Transfusion-Related Acute Lung Injury: from Mechanistic Insights to Therapeutic Strategies

Abstract

Transfusion-related acute lung injury (TRALI) is a potentially lethal complication of blood transfusions, characterized by the rapid onset of pulmonary edema and hypoxemia within six hours post-transfusion. As one of the primary causes of transfusion-related mortality, TRALI carries a significant mortality rate of 6-12%. However, effective treatment strategies for TRALI are currently lacking, underscoring the urgent need for a comprehensive and in-depth understanding of its pathogenesis. This comprehensive review provides an updated and detailed analysis of the current landscape of TRALI, including its clinical presentation, pathogenetic hypotheses, animal models, cellular mechanisms, signaling pathways, and potential therapeutic targets. By highlighting the critical roles of these pathways and therapies, this review offers valuable insights to inform the development of preventative and therapeutic strategies and to guide future research efforts aimed at addressing this life-threatening condition.
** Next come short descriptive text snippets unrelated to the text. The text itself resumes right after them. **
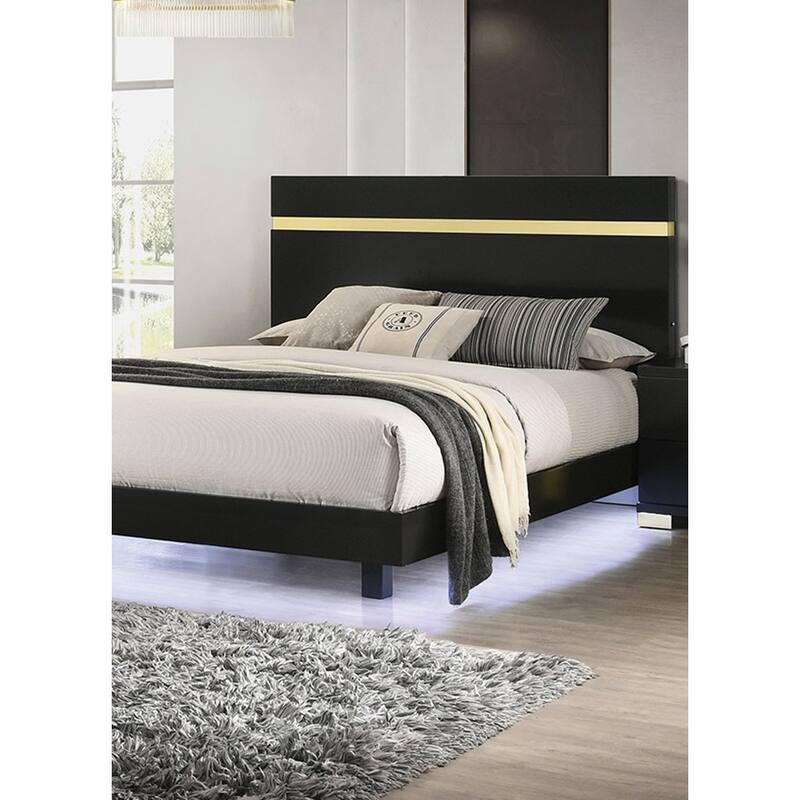 Queen Size Modern Bed Frame with Underbed LED, Acrylic Trim, and Dust Proof Cases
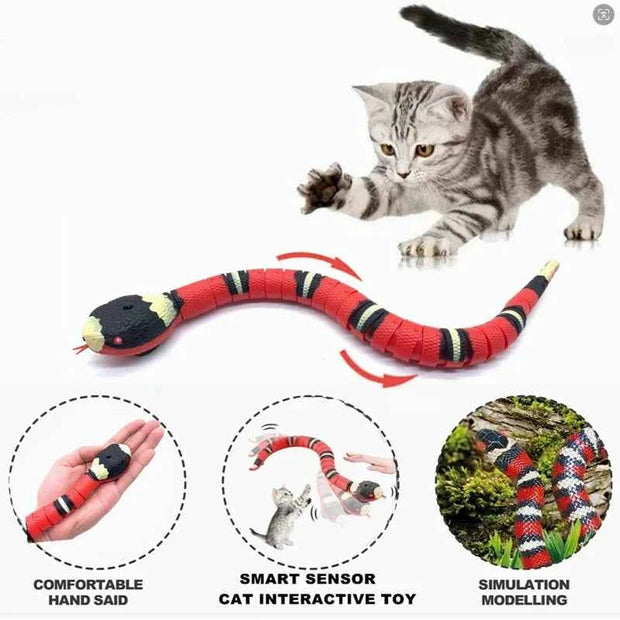 Automatic Interactive Cat Toy Snake with Smart Sensor | USB Rechargeable Moving Snake Toy for Cats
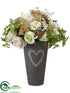 Silk Plants Direct Ranunculus, Rose Arrangement - Cream Blush - Pack of 1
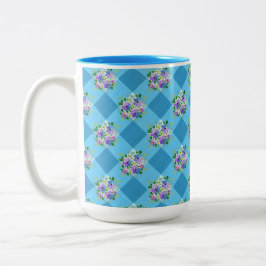 Blue Gingham und Lila Blue Bllower Country Zweifarbige Tasse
Keywords: immune response; pathogenesis; signaling pathways; therapeutic strategies; transfusion‐related acute lung injury (TRALI).

Figure 1

Clinical overview of TRALI. TRALI has high mortality and incidence in critically ill patients, with a lack of specific diagnostic markers and targeted therapies. The accurate definition drives research advancements. a) Historical overview of TRALI; b) Clinical features of TRALI; c) Clinical management of TRALI.

Figure 2

TRALI‐related pathogenetic hypotheses. The threat of TRALI and the lack of diagnostic markers and therapies drive the exploration of its pathogenesis. Four hypotheses have been proposed to explain its pathogenesis. a) antibody‐mediated TRALI; b) non‐antibody‐mediated TRALI; c) Two‐hit‐mediated TRALI; d) threshold models for TRALI.

Figure 3

Experimental models for TRALI. While animal models are essential to its mechanism research, they often replicate only parts of a disease mechanism, requiring further optimization. a) Ex vivo TRALI models; b) “One‐hit” murine TRALI model; c) Direct blood transfusion murine model; d) Antibody‐mediated LPS‐primed murine TRALI model; e) “Two‐hit” rat TRALI model; f) Trauma‐hemorrhage‐Transfusion rat TRALI model; g) Large animal models of TRALI.

Figure 4

Cellular mechanisms underlying TRALI. Upon transfusion, antibodies and biologically active materials in blood products enter the circulation of the recipients. These components activate the immune system, leading to pulmonary inflammation and edema, which ultimately results in TRALI. The primary TRALI mechanism involves an abnormal immune response to exogenous blood components.

Figure 5

Signaling pathways in TRALI. Critical signaling pathways involved in the pathogenesis of TRALI. Left panels: Cells express those potential signaling pathways. a) HMGB1/RIP3 signaling pathway, b) sCD40L/CD40/CD40L signaling pathway, c) CXCR4/PI3K/Akt/mTOR signaling pathway, d) FcγRIIa/HBP signaling pathway, e) Slit2/Robo4 signaling pathway, and f) the ATP‐gated P2RX1 ion channel pathway.

Figure 6

Potential TRALI‐targeting therapies. Potential targeting therapies for TRALI, including: a) Blood component filtration; b) Targeting inflammatory pathways, including HMGB1/RIP3 and CD40/CD40L signaling pathways; c) Targeting neutrophil functions, including the CXCR4/PI3K/Akt pathway, FcγRIIa signaling, IL‐8 and its receptors, neutrophil extracellular traps, and blood platelets; d) Targeting vascular functions, including the Slit2/Robo4 signaling pathway and ion channels; e) Emerging strategies, including reactive oxygen species (ROS), osteopontin, and intravenous immunoglobulin (IVIG).

Figure 7

Cellular mechanisms, signaling pathways, and potential therapeutic targets in TRALI. The pathogenesis involves immune responses to immunogenic blood product components, with key pathways including inflammation, neutrophil activation, and endothelial dysfunction. Based on these molecular and pathway insights, therapeutic strategies focus on removing immunogenic components of exogenous blood products, modulating inflammation, and targeting neutrophils and endothelial cells. Emerging therapies, such as those targeting reactive oxygen species (ROS), intravenous immunoglobulin (IVIG), and osteopontin, are in preclinical stages.